Credit for SMEs from banks has been in short supply, according to the President, where loans and other long term funds have generally been hard to come by for many reasons. Therefore, support for SME agriculture, healthcare, and education has to be bumped up, according to him. Education is another key sector that needs new investments. Technological innovation in the educational sector will produce ‘bots’ or robots that can teach and answer questions in real time as automated student advisors - this will take place within the next ten years. The country is not geared to support such innovations. Therefore, the specific sustainable development goals to be adopted must be made clear. Sustainable development requires sound economic governance and a focused domestic policy framework, to facilitate inclusive growth and thereby advance the economic, environmental, and social welfare of all our people. The benefits of economic growth have to be more widely distributed, because inclusive growth is the cornerstone of sustainable development. Mainstreaming sustainability considerations in policymaking will, in turn, support inclusiveness.
Strong growth performance
We need measures to reduce extreme poverty in many of our regions, along with broader development. But much work remains to be done because better growth is contingent on strong and sustained domestic reforms. Structural weaknesses, such as poor infrastructure, low investment in education, low productivity and huge social deficits unless addressed, would prevent us from realizing our full growth potential.

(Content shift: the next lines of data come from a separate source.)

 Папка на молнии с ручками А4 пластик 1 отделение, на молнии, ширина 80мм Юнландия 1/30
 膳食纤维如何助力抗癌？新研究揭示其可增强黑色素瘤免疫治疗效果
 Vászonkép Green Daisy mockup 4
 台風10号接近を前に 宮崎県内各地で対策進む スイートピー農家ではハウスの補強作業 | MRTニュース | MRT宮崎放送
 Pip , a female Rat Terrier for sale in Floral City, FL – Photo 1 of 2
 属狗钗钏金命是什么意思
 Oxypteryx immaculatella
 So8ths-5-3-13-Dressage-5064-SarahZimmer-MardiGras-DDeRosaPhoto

The important lesson of recent decades is that, although economic growth is vital and necessary, it is not enough to create shared and sustainable prosperity. That requires shifting the focus of development policies to address not only “inequalities of income’’ but also “inequalities of opportunity’’. This distinction is important, because different kind of deprivation reinforce each other. Lack of access to adequate healthcare, basic nutrition, clean drinking water, better sanitation, and quality education, for example, can harm people’s employment prospects, widening the gap even further between the haves and have-nots, and creating a vicious spiral of inequality. For sustainable development to succeed, growth must be made more inclusive, by addressing social and environmental deficits. It is essential for the government to launch integrated and well-designed packages of inclusive policies to boost opportunities for productive employment and job security, equitable access to finance and to provide adequate access to basic services, such as education, healthcare, energy and water. Addressing the shortcomings of inclusive growth, together with prudent and consistent management of risk to growth, has to be a key part of our country’s transformation for the real sustainable future the people want.

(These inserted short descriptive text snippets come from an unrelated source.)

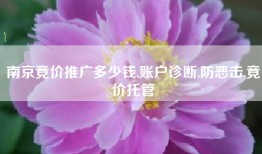 南京竟价推广多少钱,账户诊断,防恶击,竟价托管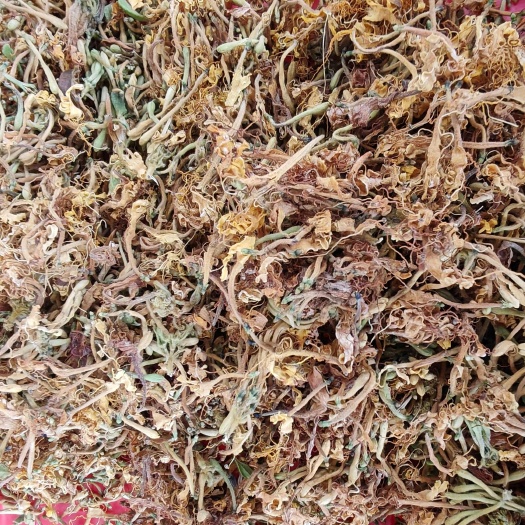 金银花统货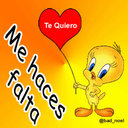 Gallego (@232Alexander) Twitter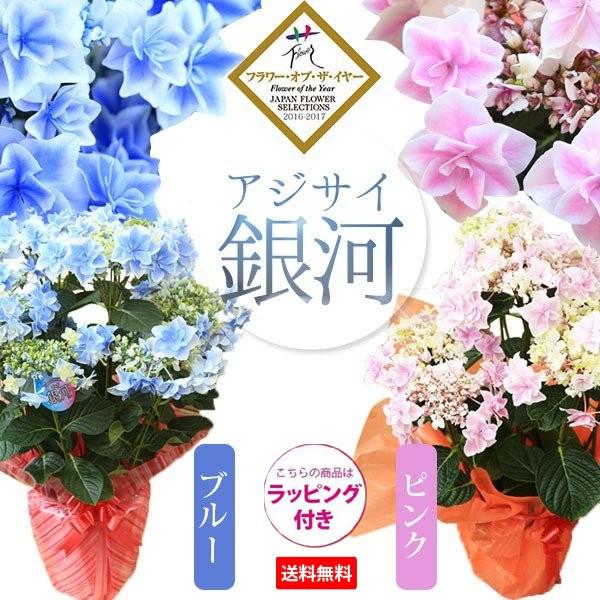 遅れてごめんね 父の日ギフトアジサイ 紫陽花 ガクアジサイ 銀河 ブルー万華鏡アジサイと並ぶ美しい花 ラッピング付 プレゼントにも F3311 遊恵盆栽 Yahoo 店 通販 Yahoo ショッピング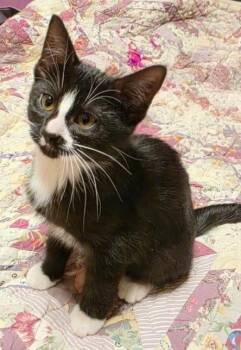 Rescue Domestic Short Hair Cats for Adoption in Charles City, Iowa - Sissy | PetCurious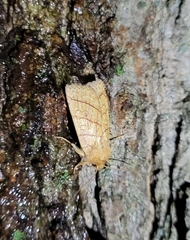 Pyreferra hesperidago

From now on, for Sirisena to support the UNF Government, the package of reforms needs to be very clear. There should be no additional taxes passed on to the poor. Wasteful and unproductive public expenditure has to be curtailed; public institutions have to be more efficient and demand-driven; public enterprises have to be on equal-footing with private enterprises when it comes to managing, and our debt burden has to be reduced and be manageable. Tax collection has to be fair and efficient. Then, for years, we have lived on a fragile exchange rate. Weak external finances clearly show the vulnerability of our exchange rate. In the current account of our Balance of Payments (BOP), it should be the export potential that reflects the country’s productive strength. But our net exports shows a deficit, which is covered by worker remittance. In the financial account of our BOP, foreign direct investment (excluding G to G) is less than $1 billion, but external debt liabilities are over $ 32 billion, grown by 23% YOY. These are surely not signs of economic and social prosperity, but sheer incompetence and mismanagement. All this needs to change. Unless the Government initiates a clear course of action, nothing will change in the country, and Sirisena will not watch in silence, if the Government continues like in the past with the UNF cronies (identified by him publicly). The window of opportunity for the Government is certainly closing fast, both with the public and the President. Therefore the enormously experienced Ranil must make the right moves in the New Year, in favour of a etter and more prosperous country.